JavaScript JcsEd25519Signature2020 fails against Test Vectors

[Aconitin]

When running the code over here against the Test Vectors , I always receive signatures different to the one(s) in the test vector data.

Is there something special I need to consider to get the example to work? Could you confirm that the Test Vectors are still up-to-date w.r.t. the JavaScript implementation?

It doesn't seem to me that the Test Vectors are the result of following the specification precisely...

[JelleMillenaar]

So after doing some test runs, we concluded that there are currently two "groups" of implementations of JcsEd25519 signing in the repository that are incompatible with each other. The JavaScript implementation follows the spec, by hashing the input first with SHA-256 and using Ed25519 from TweetNaCl. Both Golang and Java don't follow the spec as they don't hash with SHA-256, but instead use an Ed25519 implementation that hashes with SHA-512 during the signature generation (This is probably also incompatible with TweetNaCl). This result is also what matches the Test Vectors and this result was easy to recreate in Rust using the Z-Cash Ed25519 implementation.

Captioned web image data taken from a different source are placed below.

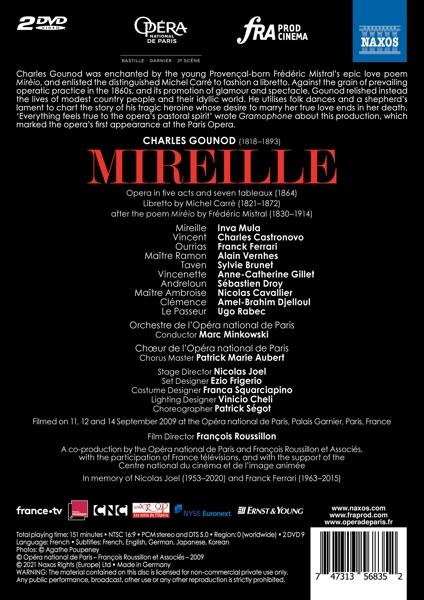 Back of the DVD case for the opera 'Mireille'. Text and a list of names are present.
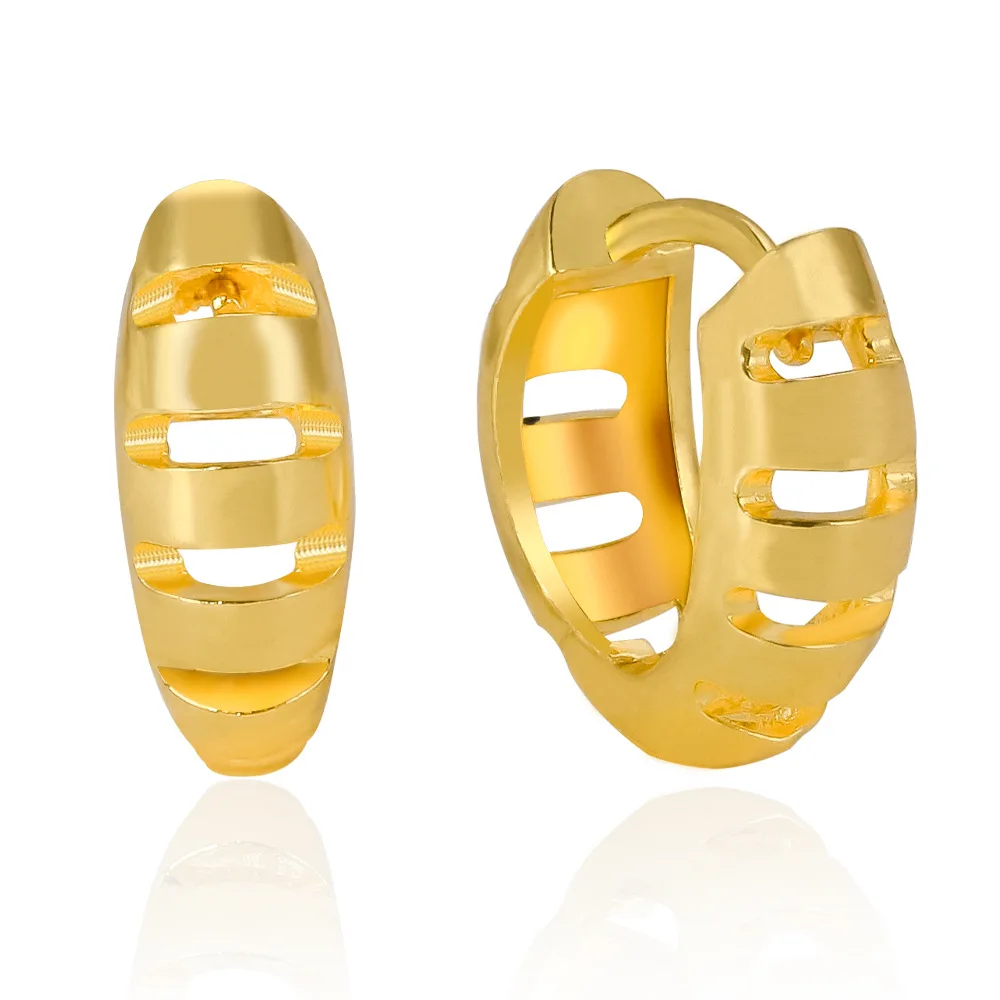 

Fashionable Jewelry Gold Plated Hollow Geometry Round Earring Individuality Rhodium Plated C Shape Wide Huggie Earring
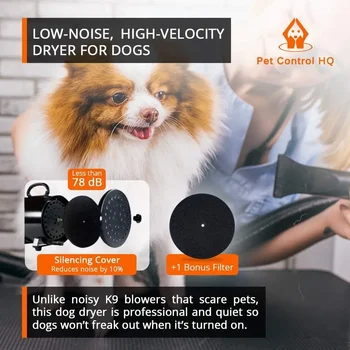 Dog Hair Dryer Blower for Grooming - Professional High Velocity 4.5HP Blow Dryer for Dogs - Pet Dryer Adjustable Heat Low Noise 2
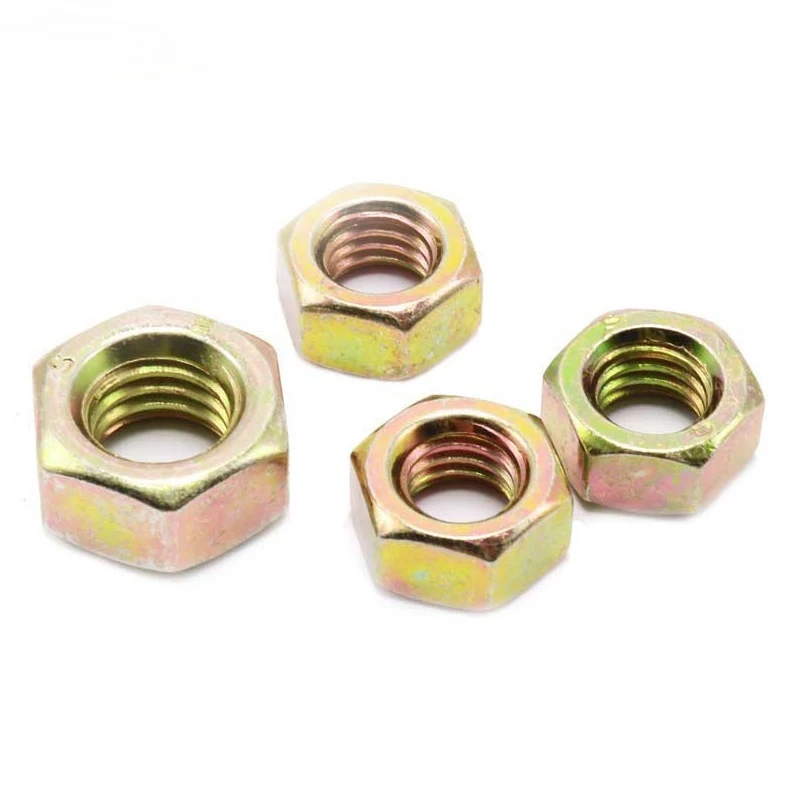 High Strength Grade 4 8 10 12 Steel Color Yellow Zinc Plated DIN934 Hex Nuts (3)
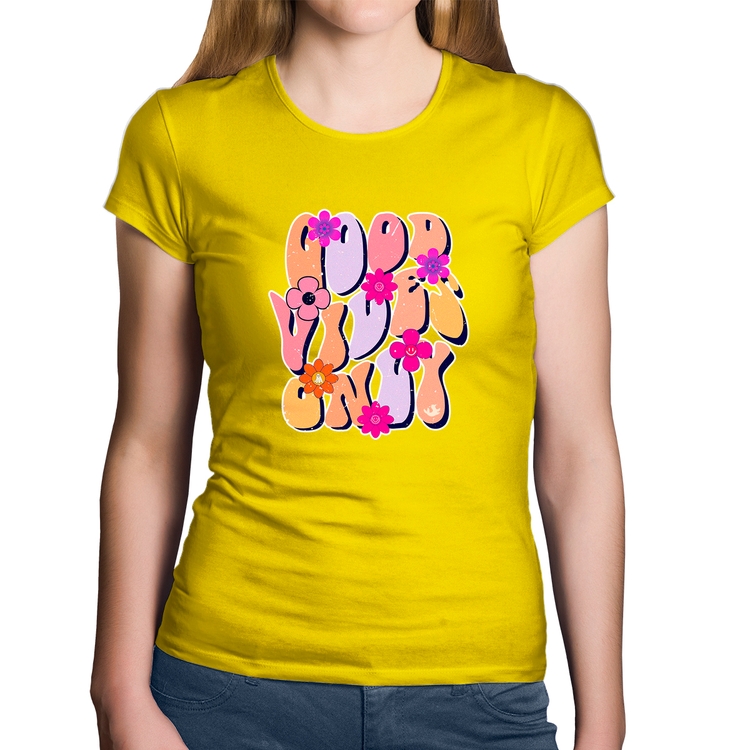 Baby Look Algodão Good Vibes Only - Amarela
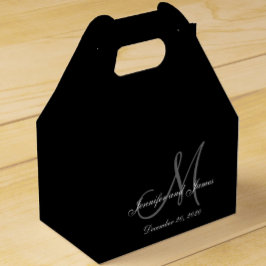 Caixa de Favoritos de Casamento de Monograma Preto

Our recommendation would be to alter the spec to remove the SHA-256 hashing step as that is usually taken care of by the Ed25519 signature generation anyway, while also updating the JavaScript implementation to match the Test Vectors.

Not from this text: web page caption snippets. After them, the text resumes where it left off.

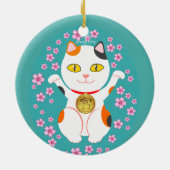 Maneki Neko Japanese Beckoning Lucky Cat Keramisch Ornament (Achterkant)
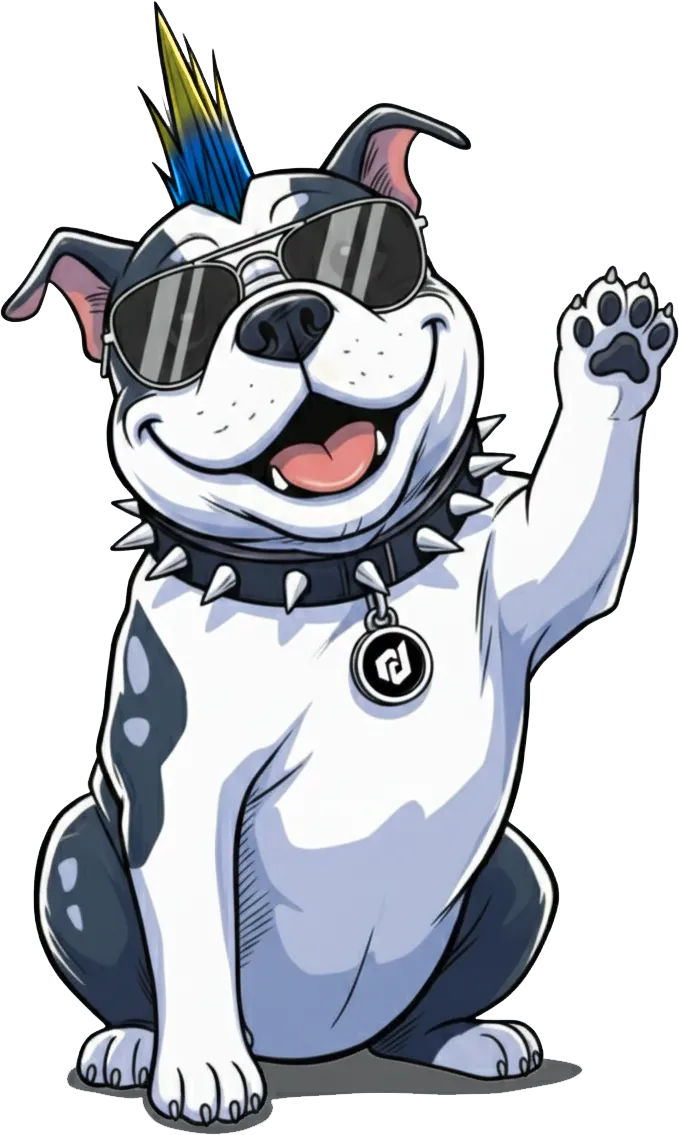 Rebel Dog Marketing Mascot Waving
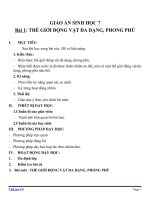 Giáo án Sinh học 7 bài 1: Thế giới động vật đa dạng, phong phú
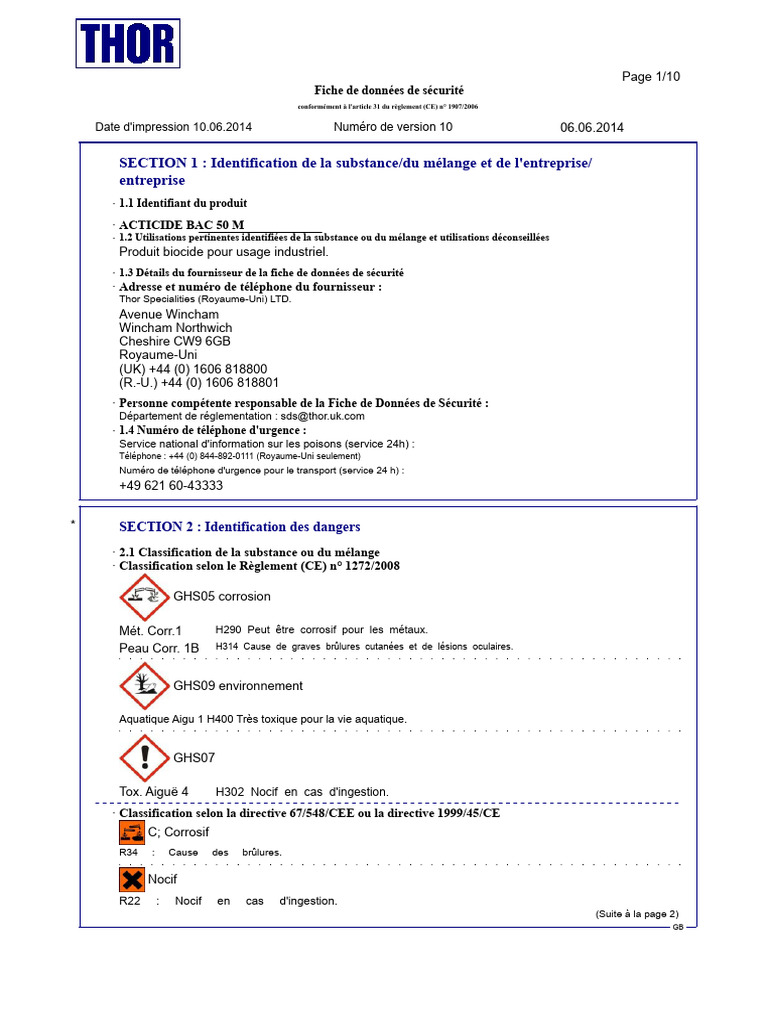 Acticide Bac 50 M MSDS PDF | PDF | Corrosion | Eaux usées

We would love a response to hear which of the two directions will be chosen as we otherwise have to alter our implementation (Which will be a breaking change for our DID library). Thanks :)

[olivereanderson]

@OR13 and/or @decentralgabe do you know if there are any plans to reconsider the Proof Generation Algorithm in the JcsEd25519Signature2020 specification with regards to the recommendations from @JelleMillenaar and @cycraig (see #26)?

[OR13]

Transmute is not planning to support this suite... there are better alternatives being discussed in the VCWG.

I am happy to review a PR that addresses both implementation and test vectors.

[decentralgabe]

@olivereanderson similarly, I am no longer interested in this work. Aligned with Orie. That said, if you wish to become a new owner, happy to support you there.

[olivereanderson]

Thank you both for explaining (and also for kindly offering to help us if we decide to propose a PR).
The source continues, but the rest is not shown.